◆ **Your assignment**: Restate word for word every line from the one containing "Odette - Pantaloni" to the last line of the records below.
[[ Information shown open ]]
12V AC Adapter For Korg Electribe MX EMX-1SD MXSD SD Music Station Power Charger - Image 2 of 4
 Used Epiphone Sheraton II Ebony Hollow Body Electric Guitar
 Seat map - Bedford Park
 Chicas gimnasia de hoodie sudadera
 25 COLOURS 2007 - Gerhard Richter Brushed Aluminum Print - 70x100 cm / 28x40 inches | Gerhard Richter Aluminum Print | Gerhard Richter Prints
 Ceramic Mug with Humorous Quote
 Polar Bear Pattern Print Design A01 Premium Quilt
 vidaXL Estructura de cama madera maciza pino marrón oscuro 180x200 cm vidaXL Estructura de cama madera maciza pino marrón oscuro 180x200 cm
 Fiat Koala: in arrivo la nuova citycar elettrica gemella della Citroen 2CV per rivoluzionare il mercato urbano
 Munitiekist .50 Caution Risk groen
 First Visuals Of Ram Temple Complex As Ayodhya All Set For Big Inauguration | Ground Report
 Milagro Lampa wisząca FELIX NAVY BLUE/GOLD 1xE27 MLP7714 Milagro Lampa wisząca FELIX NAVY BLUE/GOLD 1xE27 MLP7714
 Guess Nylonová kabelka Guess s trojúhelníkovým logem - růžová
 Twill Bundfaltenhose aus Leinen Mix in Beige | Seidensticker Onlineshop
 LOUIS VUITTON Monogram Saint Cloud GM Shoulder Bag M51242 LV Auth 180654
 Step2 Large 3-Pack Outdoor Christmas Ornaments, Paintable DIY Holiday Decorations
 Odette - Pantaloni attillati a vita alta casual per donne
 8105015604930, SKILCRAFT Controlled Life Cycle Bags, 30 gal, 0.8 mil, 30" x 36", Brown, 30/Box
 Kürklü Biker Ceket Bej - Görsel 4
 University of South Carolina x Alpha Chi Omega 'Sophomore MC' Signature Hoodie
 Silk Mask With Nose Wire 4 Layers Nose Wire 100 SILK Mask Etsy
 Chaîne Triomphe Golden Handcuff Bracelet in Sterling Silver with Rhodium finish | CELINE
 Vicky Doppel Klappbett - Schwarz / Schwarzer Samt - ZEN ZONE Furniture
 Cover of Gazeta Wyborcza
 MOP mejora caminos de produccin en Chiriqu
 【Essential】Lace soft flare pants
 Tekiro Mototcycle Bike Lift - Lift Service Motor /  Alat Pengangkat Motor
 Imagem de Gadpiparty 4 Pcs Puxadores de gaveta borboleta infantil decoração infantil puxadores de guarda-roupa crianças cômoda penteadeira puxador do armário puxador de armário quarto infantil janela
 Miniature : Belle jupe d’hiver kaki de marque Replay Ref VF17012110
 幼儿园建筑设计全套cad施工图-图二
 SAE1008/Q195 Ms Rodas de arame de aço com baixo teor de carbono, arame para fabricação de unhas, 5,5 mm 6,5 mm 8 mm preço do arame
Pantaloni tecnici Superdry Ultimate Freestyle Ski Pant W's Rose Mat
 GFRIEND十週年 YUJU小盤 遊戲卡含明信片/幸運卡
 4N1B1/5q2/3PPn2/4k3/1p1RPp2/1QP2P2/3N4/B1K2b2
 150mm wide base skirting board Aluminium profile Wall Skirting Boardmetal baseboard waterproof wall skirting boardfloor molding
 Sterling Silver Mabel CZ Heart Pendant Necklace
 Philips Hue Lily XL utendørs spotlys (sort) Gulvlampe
[[ Information shown closed ]]
◆ **Your solution**:
 Odette - Pantaloni attillati a vita alta casual per donne
 8105015604930, SKILCRAFT Controlled Life Cycle Bags, 30 gal, 0.8 mil, 30" x 36", Brown, 30/Box
 Kürklü Biker Ceket Bej - Görsel 4
 University of South Carolina x Alpha Chi Omega 'Sophomore MC' Signature Hoodie
 Silk Mask With Nose Wire 4 Layers Nose Wire 100 SILK Mask Etsy
 Chaîne Triomphe Golden Handcuff Bracelet in Sterling Silver with Rhodium finish | CELINE
 Vicky Doppel Klappbett - Schwarz / Schwarzer Samt - ZEN ZONE Furniture
 Cover of Gazeta Wyborcza
 MOP mejora caminos de produccin en Chiriqu
 【Essential】Lace soft flare pants
 Tekiro Mototcycle Bike Lift - Lift Service Motor /  Alat Pengangkat Motor
 Imagem de Gadpiparty 4 Pcs Puxadores de gaveta borboleta infantil decoração infantil puxadores de guarda-roupa crianças cômoda penteadeira puxador do armário puxador de armário quarto infantil janela
 Miniature : Belle jupe d’hiver kaki de marque Replay Ref VF17012110
 幼儿园建筑设计全套cad施工图-图二
 SAE1008/Q195 Ms Rodas de arame de aço com baixo teor de carbono, arame para fabricação de unhas, 5,5 mm 6,5 mm 8 mm preço do arame
Pantaloni tecnici Superdry Ultimate Freestyle Ski Pant W's Rose Mat
 GFRIEND十週年 YUJU小盤 遊戲卡含明信片/幸運卡
 4N1B1/5q2/3PPn2/4k3/1p1RPp2/1QP2P2/3N4/B1K2b2
 150mm wide base skirting board Aluminium profile Wall Skirting Boardmetal baseboard waterproof wall skirting boardfloor molding
 Sterling Silver Mabel CZ Heart Pendant Necklace
 Philips Hue Lily XL utendørs spotlys (sort) Gulvlampe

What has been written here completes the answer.